Nona understood everybody, and could speak back to them so that they understood her, and nobody ever said she had an accent. This confounded Palamedes. When she first said that she could speak back by watching them talk and making her lips look like theirs, it confounded him so much more that it gave Camilla a headache.
(I think the same thing’s going on with The Building that Troia cell lives in; I think it’s a word in another language that means building and is used as an official name for the building, but I have no guesses as to what that could be.)
I believe Nona is able to do this both because she is Alecto, who plays the role of the Holy Spirit in Tamsyn's Catholic Trinity 2.0, and the Holy Spirit gave the Apostles the gift of tongues during Pentecost, and because she is the soul of Earth. The languages spoken on New Rho presumably came from Earth, so of course she can speak all of them!
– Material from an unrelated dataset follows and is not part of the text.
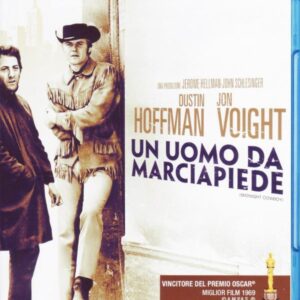 UOMO DA MARCIAPIEDE (UN)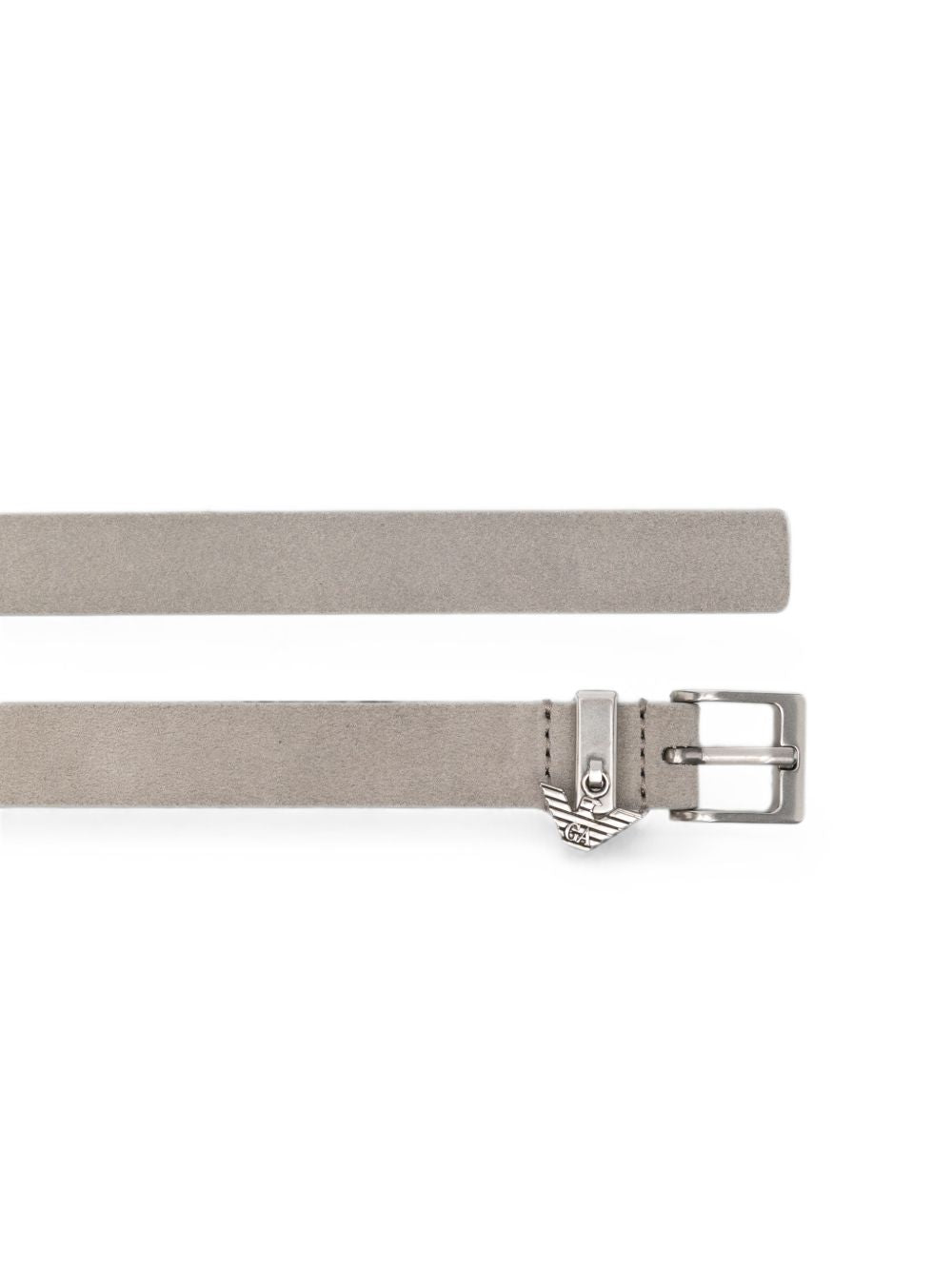 Emporio Armani Belts - BEIGE | 47f1fc66357933e12127759ac36c55ec94ebd407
This is my attempt to reverse engineer all of these names into House / English.
The Angel / The Messenger
BOE calls Aim "the Messenger" and the children and Nona call her "the Angel.”
We Suffer: “Usually you both meeting up with the Messenger, whom you call the Angel, would have been very bad.”
When the Angel first appears, her name is playing on the meaning of “angel” as a caring and godly being – the reader gets that it would make sense for children who love her to see her as an angel, so this remark flies under on the radar:
The Angel was what they called the nondescript, washed-out, dusty-haired personage who came to teach the Hour of Science. Why they called her the Angel was unclear.
But it is clear why they call her The Angel! It comes from a word with two meanings: the Greek word “angelos” originally meant “messenger” and later took on the meaning of “angel” or “messenger of God,” so all names originating from this word have both of those meanings.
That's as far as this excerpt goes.